Required work: Copied exactly and without pictures, the lines from the beginning of the entries through the one that holds "Sn74Ls16Nsr So-16-208Mil Logic" should form the entire reply.

Data for this task:
———

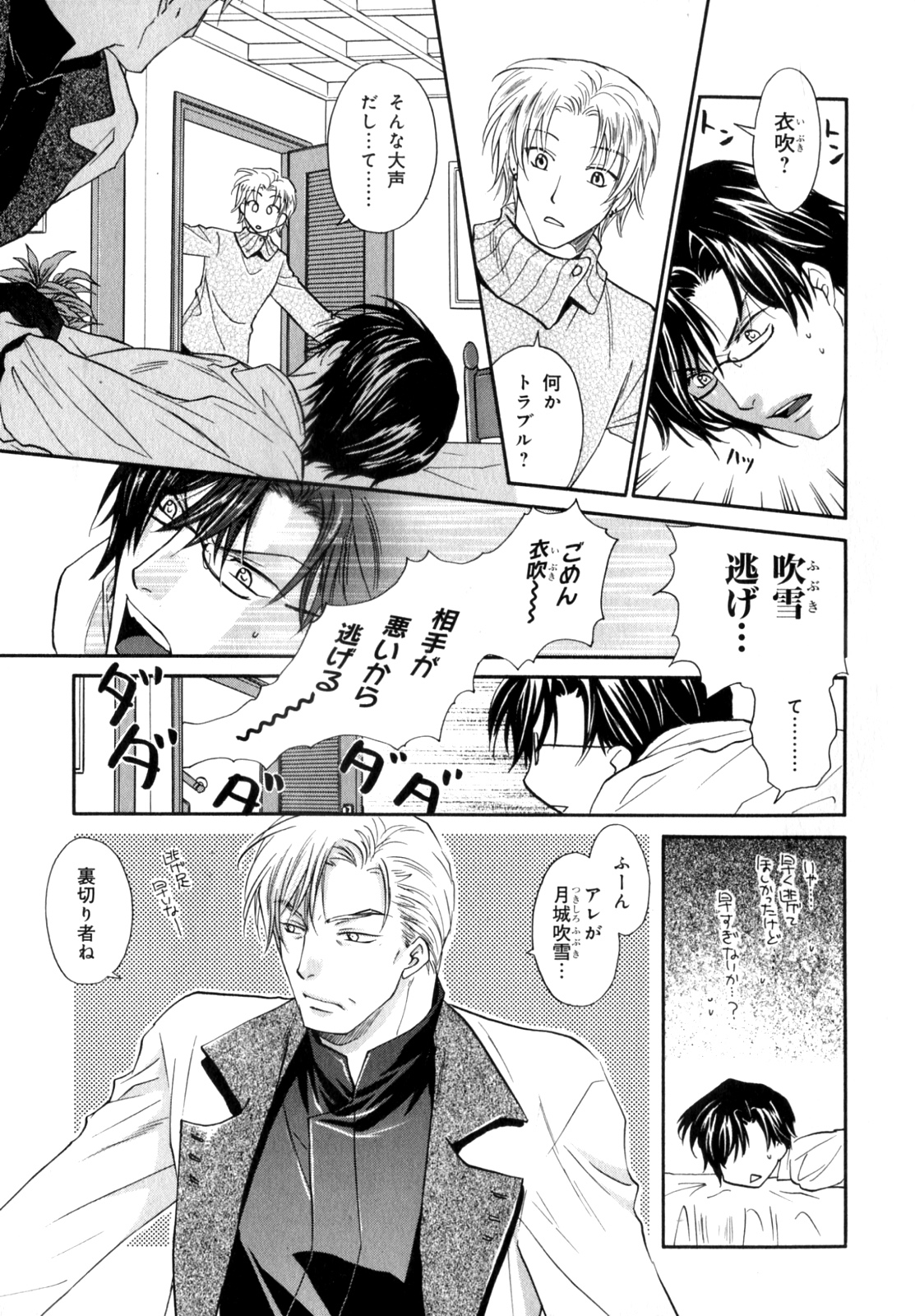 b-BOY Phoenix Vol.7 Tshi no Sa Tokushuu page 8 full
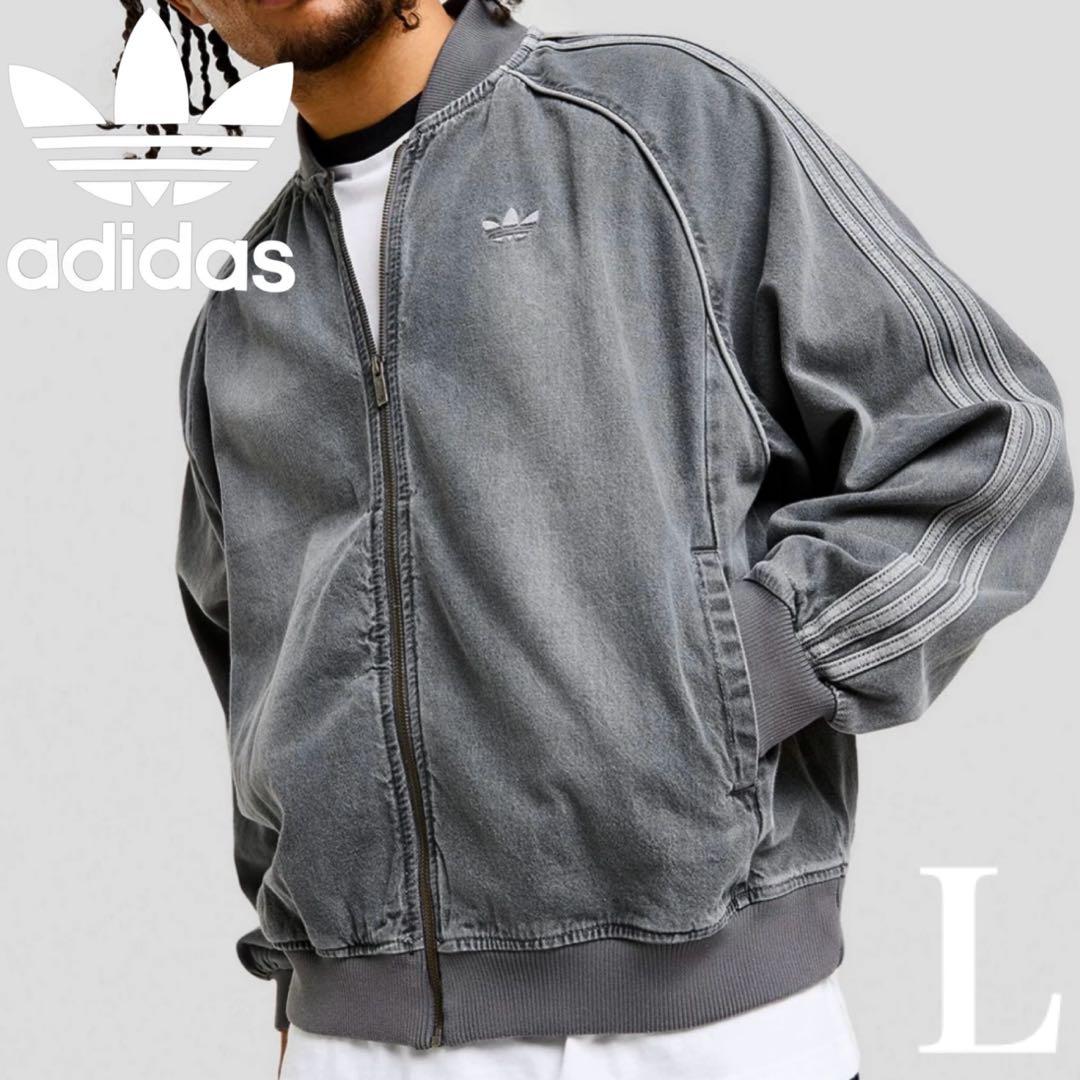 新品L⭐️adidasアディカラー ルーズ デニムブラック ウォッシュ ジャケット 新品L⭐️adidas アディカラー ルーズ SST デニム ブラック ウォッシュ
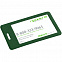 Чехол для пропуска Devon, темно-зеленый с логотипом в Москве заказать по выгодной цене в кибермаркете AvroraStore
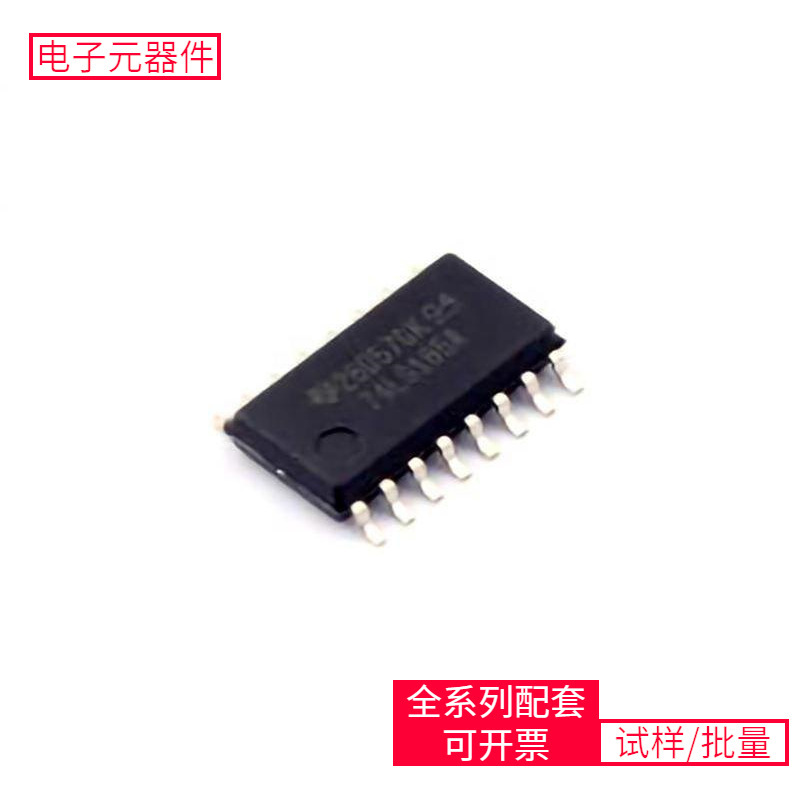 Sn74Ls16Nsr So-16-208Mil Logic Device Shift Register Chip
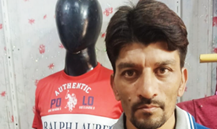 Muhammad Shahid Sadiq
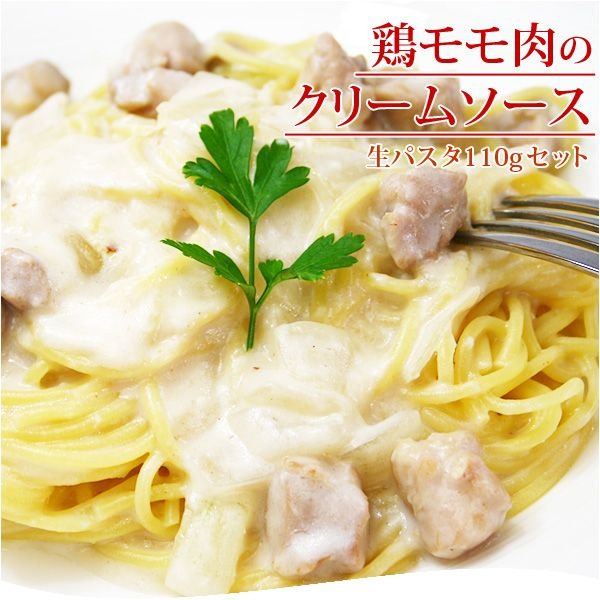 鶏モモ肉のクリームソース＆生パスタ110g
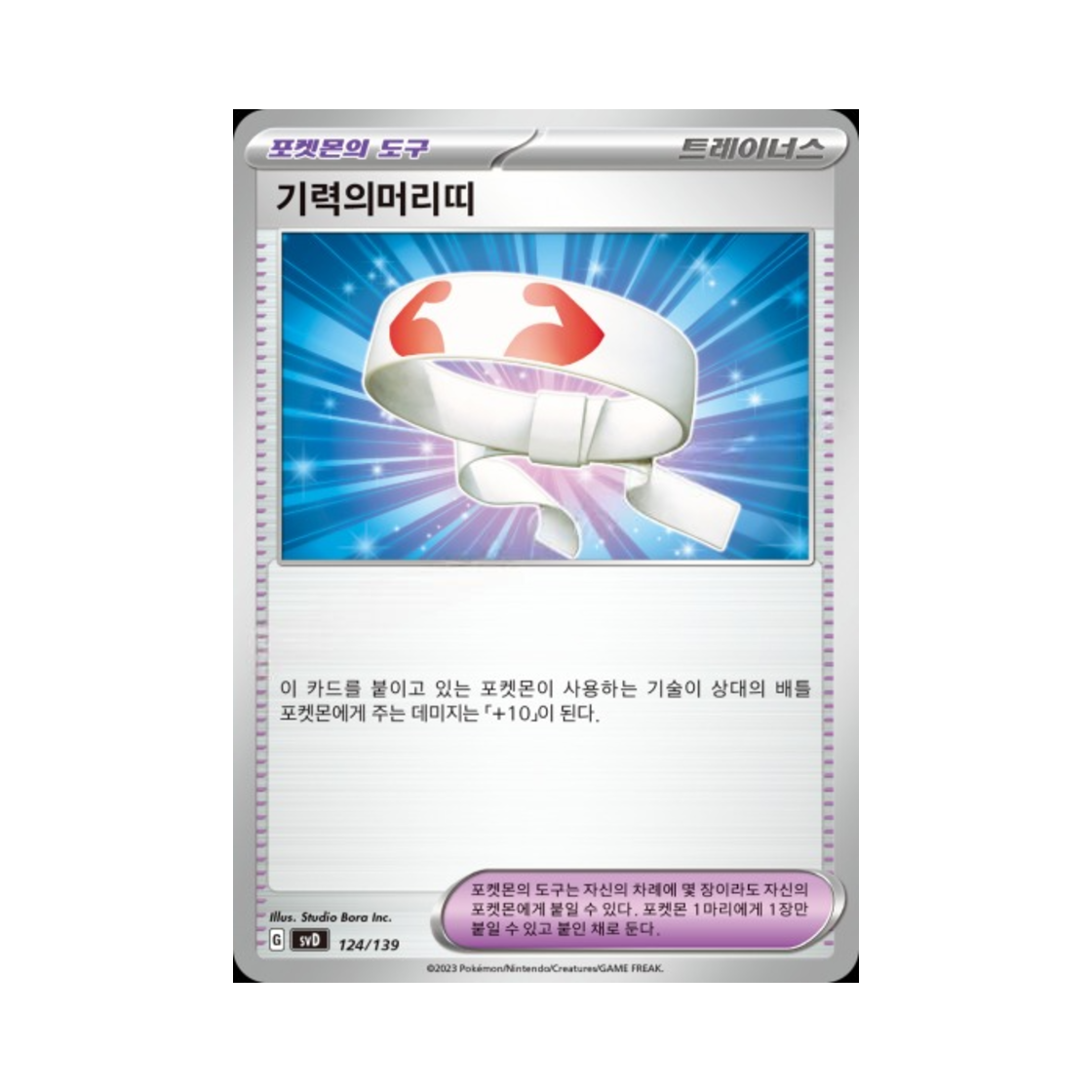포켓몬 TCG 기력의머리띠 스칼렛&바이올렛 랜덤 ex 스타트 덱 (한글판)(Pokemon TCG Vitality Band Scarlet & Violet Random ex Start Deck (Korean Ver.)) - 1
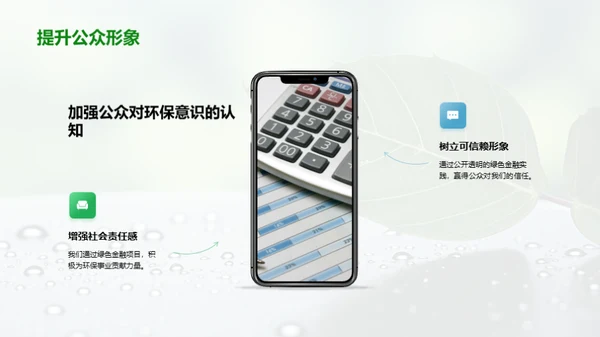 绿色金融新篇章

———

Exercise solution:
 b-BOY Phoenix Vol.7 Tshi no Sa Tokushuu page 8 full
 新品L⭐️adidasアディカラー ルーズ デニムブラック ウォッシュ ジャケット 新品L⭐️adidas アディカラー ルーズ SST デニム ブラック ウォッシュ
 Чехол для пропуска Devon, темно-зеленый с логотипом в Москве заказать по выгодной цене в кибермаркете AvroraStore
 Sn74Ls16Nsr So-16-208Mil Logic Device Shift Register Chip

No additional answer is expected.